As you listen to the radio in a time of unusual or extreme world events, you may not realize how much furious activity is happening on the working end of your radio to make it the best, most thoughtfully-created experience possible for you and everyone else in the audience. That’s just as it should be. You shouldn’t have to think about those things, that’s why we’re here.
When the world outside is suffering as it was that day in a conflicted mix of disbelief, disenchantment, raging anger, calls for retribution, and utter, inconsolable grief – it does call into question how any communication service can best respond to external events and serve its listeners. Arts-focused organizations, like music radio stations, take that concern a little further to see how they can possibly offer beauty and expressions of human achievement that transcend the awfulness to offer messages of hope and assuage the pain.

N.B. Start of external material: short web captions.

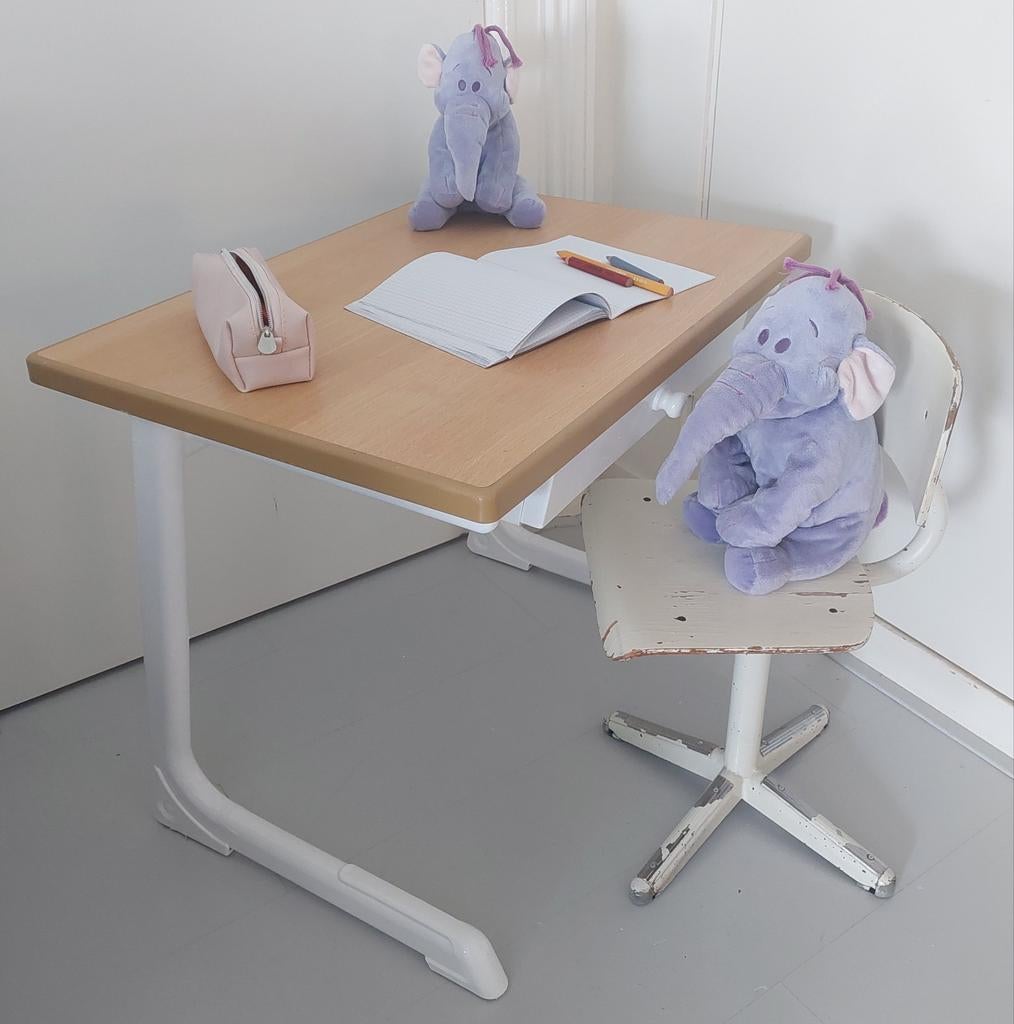 Kindertafel Kinderbureau Kinderstoel Vintage Schoolmeubilair, Ophalen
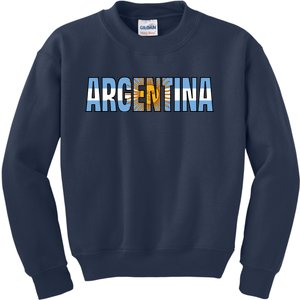 Cool Argentina Word Mashup Country Flag Kids Sweatshirt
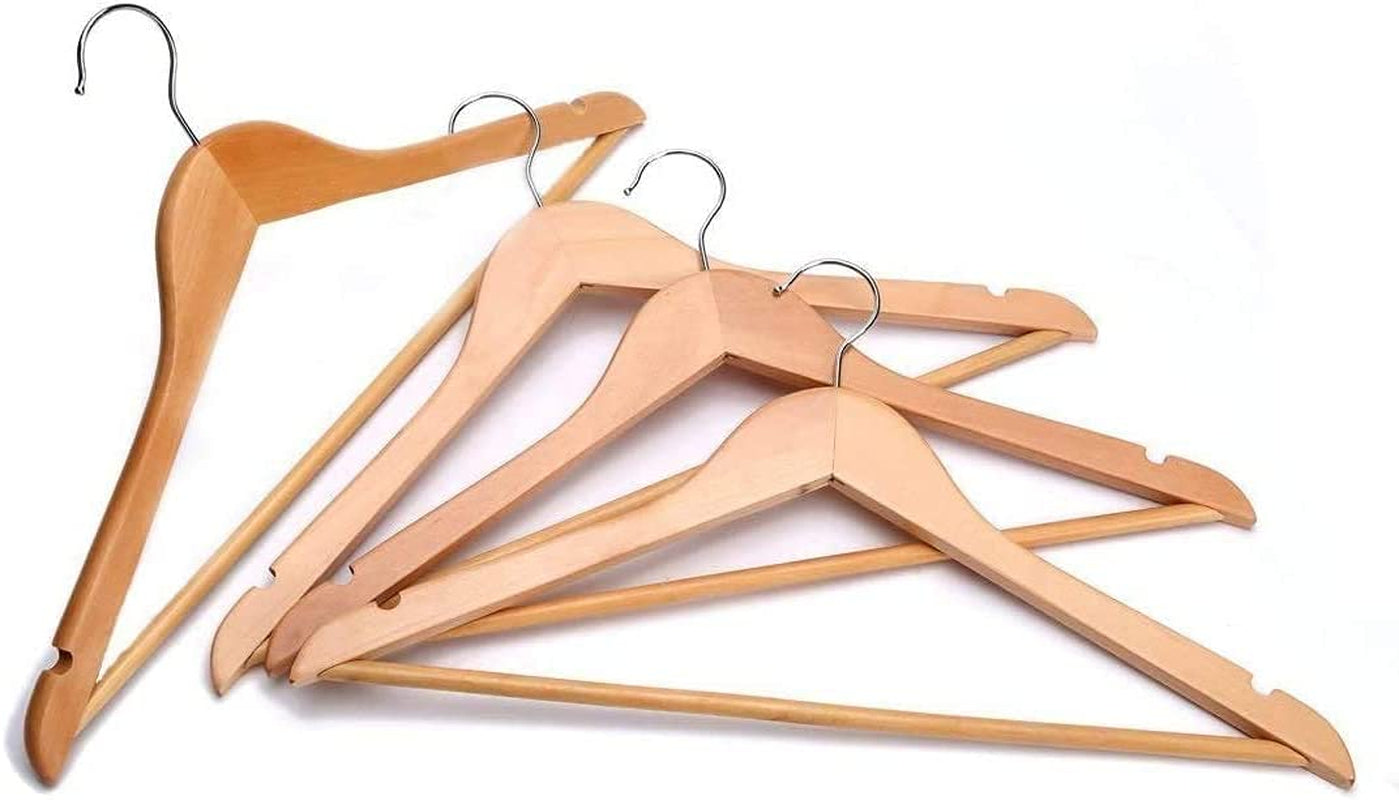 Strong Natural Wood Wooden Coat Hangers with 360 Degree Rotatory Hook & round Trouser Bar & Shoulder Notches - Durable Wardrobe Space Saver - Suitable for Coat, Jacket, Suit, Jumper (30Pk)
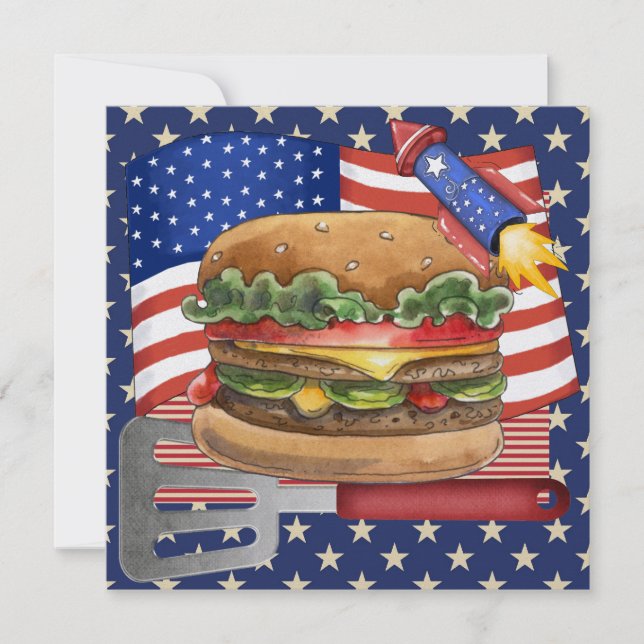 4th of July - BBQ Cook Out ! SRF Invitation (Front)
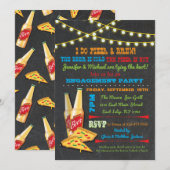 Ik doe Pizza en Brouwen Engagement Party uitnodigi Kaart (Voorkant / Achterkant)
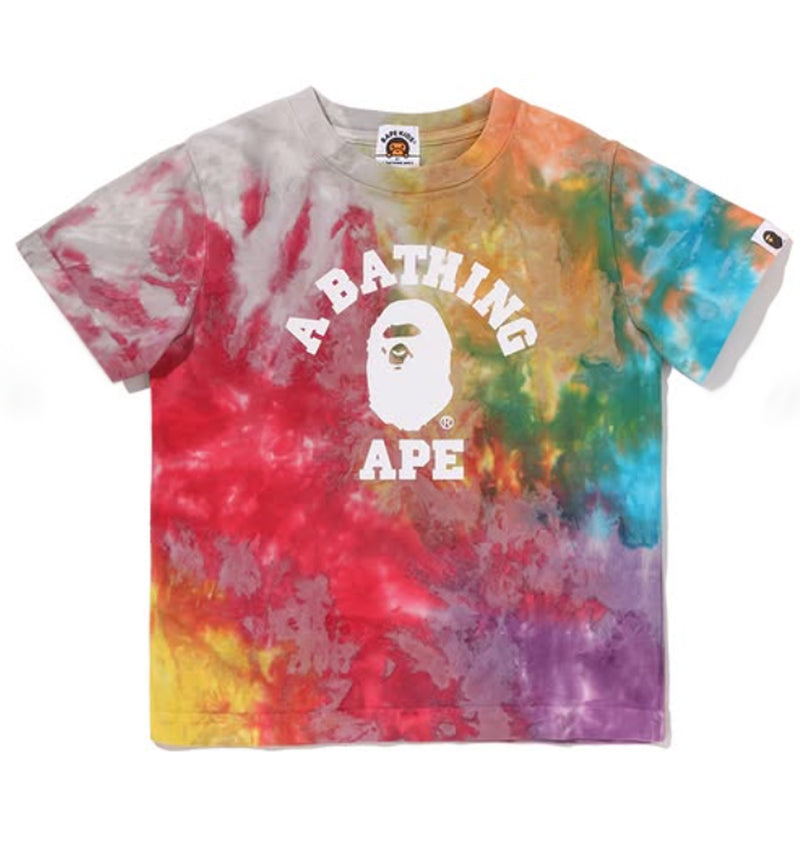 A BATHING APE BAPE KIDS TIE DYED COLLEGE TEE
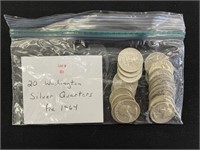 20 Washington Silver Quarters (Pre-1964)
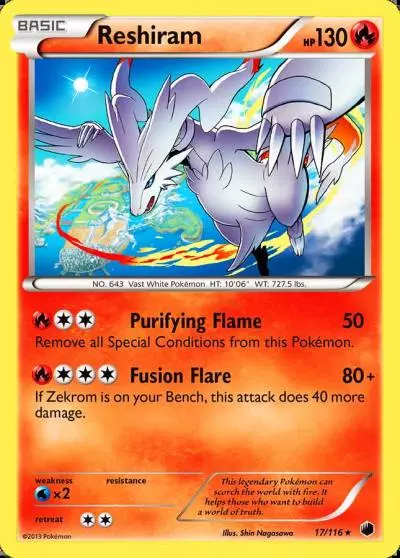 Reshiram 17/116 Plasma Freeze Pokemon card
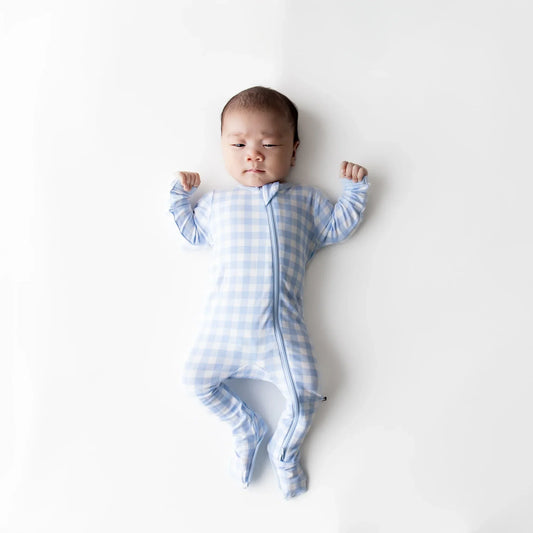 Zippered Footie in Gingham Breeze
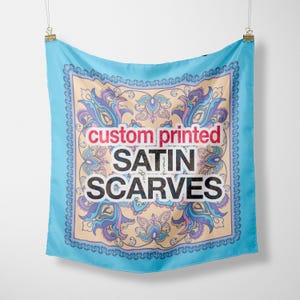 Custom Satin Head Scarf – Personalize with Your Own Design | Printed Silk-Like Bandana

The single question on all of our minds that day was, “what are you playing”?
At the time I was working as a classical radio station music director in Southern California, and on September 11th alone – not to mention the many days that followed – I remember talking to friends and fellow programmers in places as far away as Minnesota, North Carolina, London, NY City, Colorado, and Alabama. Amid the more appropriate, if predictable, suggestions like Barber’s Adagio, Mozart’s Ave Verum Corpus and Lacrimosa, and Strauss’ Metamorphosen, came more unusual choices like Gorecki’s Symphony #3 (“Symphony of Sorrowful Songs”), Liszt’s ruminating Les Funerailles, and and Puccini’s somber Crisantememi.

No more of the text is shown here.